Randomized Double-Blind Placebo-Controlled Adaptive Design Trial Of Intrathecally Administered Autologous Mesenchymal Stem Cells In Multiple System Atrophy
Multiple system atrophy (MSA) is a rare, rapidly progressive, and invariably fatal neurological condition characterized by autonomic failure, parkinsonism, and/or ataxia. There is no available treatment to slow or halt disease progression. The purpose of this study is to assess optimal dosing frequency, effectiveness and safety of adipose-derived autologous mesenchymal stem cells delivered into the spinal fluid of patients with MSA. Funding source: FDA Office of Orphan Product Development (OOPD), Mayo Clinic Executive Dean for Research Transformational Award, Mayo Clinic Regenerative Medicine, and Mayo Clinic Department of Neurology.
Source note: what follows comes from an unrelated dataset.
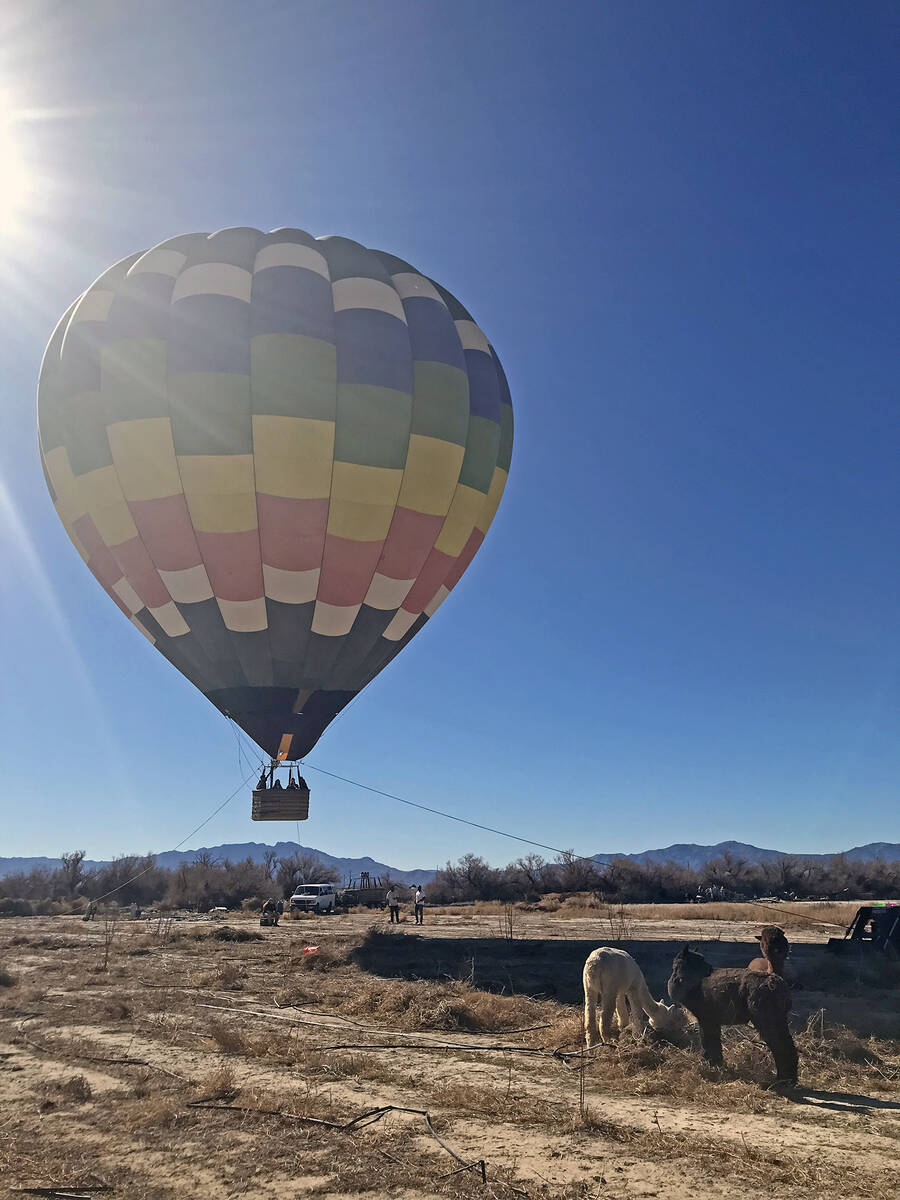 Robin Hebrock/Pahrump Valley Times A hot air balloon hovers over Nature Health Farms while a tr ...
• Males or females aged 30-70 years, who are willing and able to give informed consent.
• Clinical diagnosis of MSA, fulfilling consensus criteria for probable MSA.
• UMSARS I (omitting question 11) between 5 and 17, and able to walk unaided (i.e. able to walk at least 50 yards without the use of a cane or walker, and without other support such as holding on to an arm or touching walls).
• Anticipated survival of at least 3 years in the opinion of the investigator.
• Normal cognition as assessed by the Montreal Cognitive Assessment (MOCA). We will require a value ≥26.